9. "Forecasting Prices May Be Perilous, but You Can Estimate the Odds of Future Volatility."
"The data overwhelmingly show that the magnitude of price changes depends on those of the past, and that the bell curve is a nonsense." Volatility clusters, but "forecasting volatility is like forecasting the weather." It is probably possible and it is a problem researchers are currently working on. If volatility can be forecast, this is good news for people who manage or profit from risk.
10. "In Financial Markets, the Idea of 'Value' Has Limited Value."

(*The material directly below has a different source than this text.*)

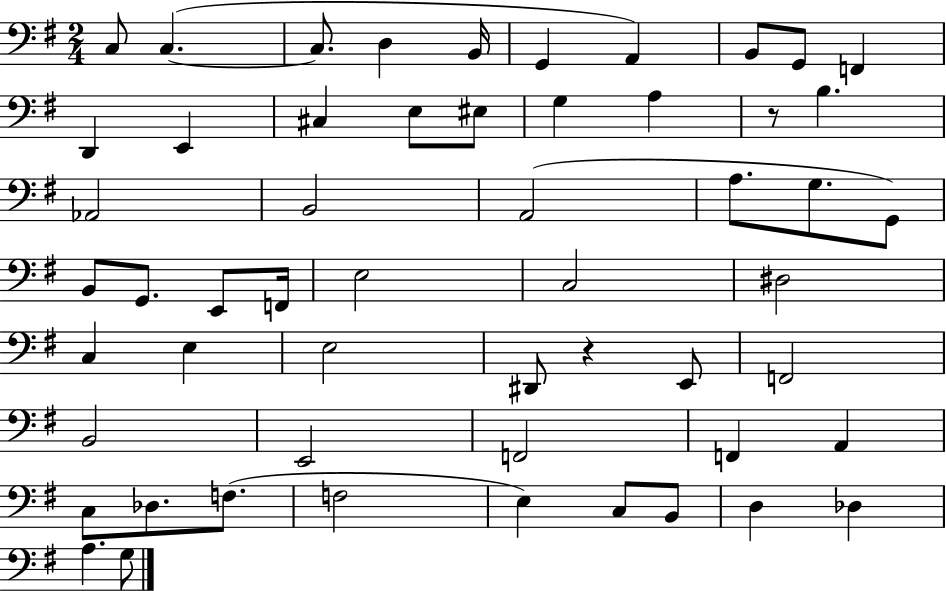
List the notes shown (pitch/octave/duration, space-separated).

Financial analysts try to calculate value or model it, which "implies that value is somehow a single number that is a rational, solvable function of information." Value "is a mean, an average, something certain in a chaos of conflicting information. People like the comfort of such thinking." Is this useful to calculate value with Price-earnings ratios or hard assets etc.? "Surely the 'real' value [of any company] changes every month, every week, every day--even tick-by-tick . . . and if that value changes constantly, then of what practical use is it . . . ?"
There is such a thing as intrinsic value, but in turbulent markets it is "a slippery concept, and one whose usefulness is vastly over-rated."
A true scientist understands a theory is never the truth but only a tool to further an investigation. A theory is a tool that must be either totally refuted or encompassed by a broader theory if progress is to be made. This process of learning is never ending and any conclusion is an imaginary concept. In a universe flowing like a river, alive and complex, every conclusion, belief, or opinion is a static image, always partial and dead to the new.
If I've made a mistake or if you disagree, I'd love to hear what other traders and market enthusiasts think. I'm not an expert nor am I advising you. Have a great week!